LANCASTER — Fifteen Eastside High School Biomedical Science Academy students trained on advanced mannequins in the nursing simulation lab at Antelope Valley College over five sessions.
The pilot project, a collaboration between Kaiser Permanente Antelope Valley, Antelope Valley Community College District and Antelope Valley Union High School District, concluded, on Tuesday.
Medical professionals from Kaiser Permanente, along with faculty and staff from AV College, provided scenario-based modules for the students, allowing them to test real-world diagnostic and treatment skills on the mannequins.
Students accessed not only the nursing lab, but also the EMT, radiology technician and respiratory therapy training areas during the fictional scenarios relating to a traffic accident victim being treated in a local hospital, through discharge.
Modules included responding to a medical emergency, ICU, rehabilitation and discharge.
“We’re taking our professional knowledge, sharing it with the students,” Deborah Patterson, radiology director at Kaiser Permanente, said.
Patterson, an X-ray technician by trade, shared her knowledge of radiology with the students, including how to perform the different X-rays done in hospitals.
Kaiser Permanente also provided a social worker, nurses, pharmacy lab and physical therapy professionals.
“We pulled people from all the different modalities and brought them here to share their knowledge with the students,” Patterson said.
She added: “It’s been a fun program; the students are really engaging. They really listen and want to know what we have to teach them.”
Kerin Coffey, academy coordinator for Eastside High’s Biomedical Science Academy, learned about a similar program through her Linked Learning fellowship.
A discussion about work-based learning opportunities with the director of Career Technical Education in Long Beach led to the creation of the pilot program, with the assistance of Diane Walker, the now-retired director of Industry Liaison and Post-Secondary Partnerships and others.
Once they got started, it took about one year of planning, Coffey said.
“The motivation was to provide kids internships in this health field,” Coffey said.

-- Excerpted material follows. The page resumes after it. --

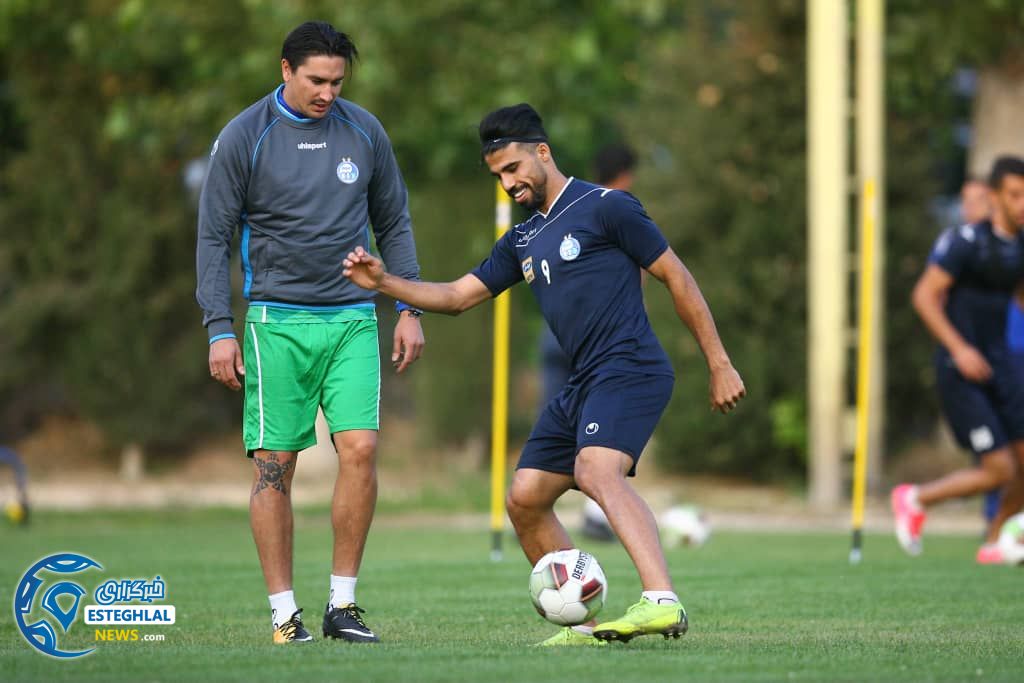 تمرین استقلال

The students completed a 20-hour training course where they did things such as complete resumes and other job-related activities. The students were paid through the America’s Job Center of California.

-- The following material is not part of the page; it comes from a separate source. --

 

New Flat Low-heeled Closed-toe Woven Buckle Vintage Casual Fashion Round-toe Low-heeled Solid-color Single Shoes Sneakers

“This has been an incredible experience for not only the students but the faculty at AVC and the nurses at Kaiser.” Dr. Casey Scudmore, associate dean of Health and Safety science, said.

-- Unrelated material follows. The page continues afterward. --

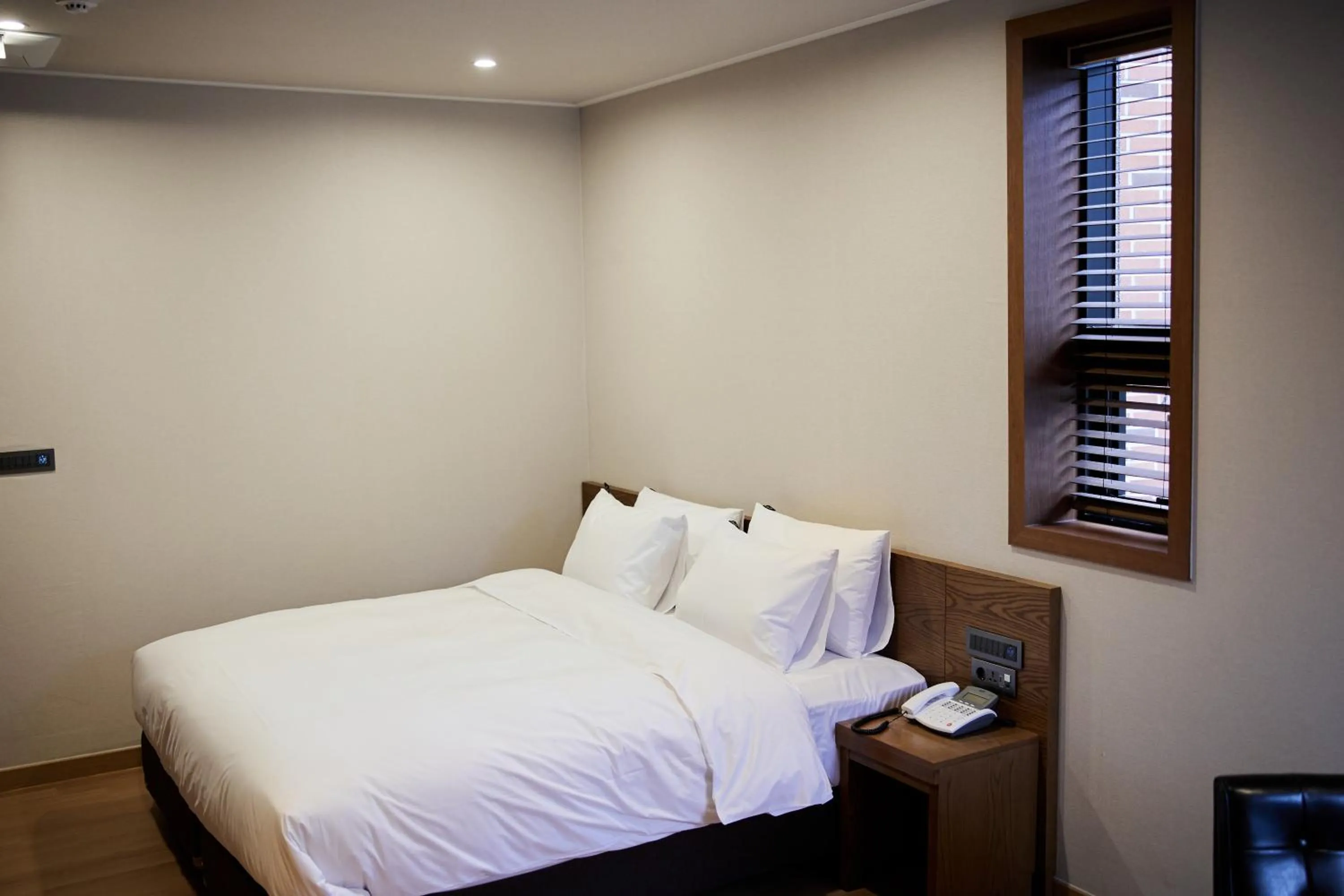 Bed in Hotel The Star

Scudmore added, “As far as the simulation piece, we’ve been able to show our faculty what simulation can be with all the different disciplines involved.”
The goal is to implement the program each summer.
The 15 students, who will start their senior year, next month, were Diana Cruz, Gabriel Guzman, Elena Martinez, Amya Bardalez, Hazel Avila-Quinteros, Layla Quemada, Stephanie Galindo, Elizabeth Notterman, Kaitlyn Munoz, Douglas Perez-Reyes, Hidalgo Jair, Chayse Gomez, Abigail Morales, Kaylin Cardenas and Andy Villalobos.
The students did CPR on the mannequins on the final day of class.
“It’s been a good program,” Morales said. “It’s interesting; I’ve learned a lot. It’s something that most people don’t get to experience. It’s a nice experience that we all get to take part of and we all learned something.”
Galindo joined the program to look at all of her options in the healthcare field.
“My school offers a lot of opportunities with medicine, so I wanted to go through this program and see how it would be,” she said. “It’s really cool because it breaks you through how it would actually be in actual medical field, so I really found that interesting.”
Bardalez enjoyed the internship.
“It’s a really good experience,” she said. “I signed up for it because as a first-generation (college student), I don’t get to experience that much so I thought this would give me the experience I was missing and it definitely did.”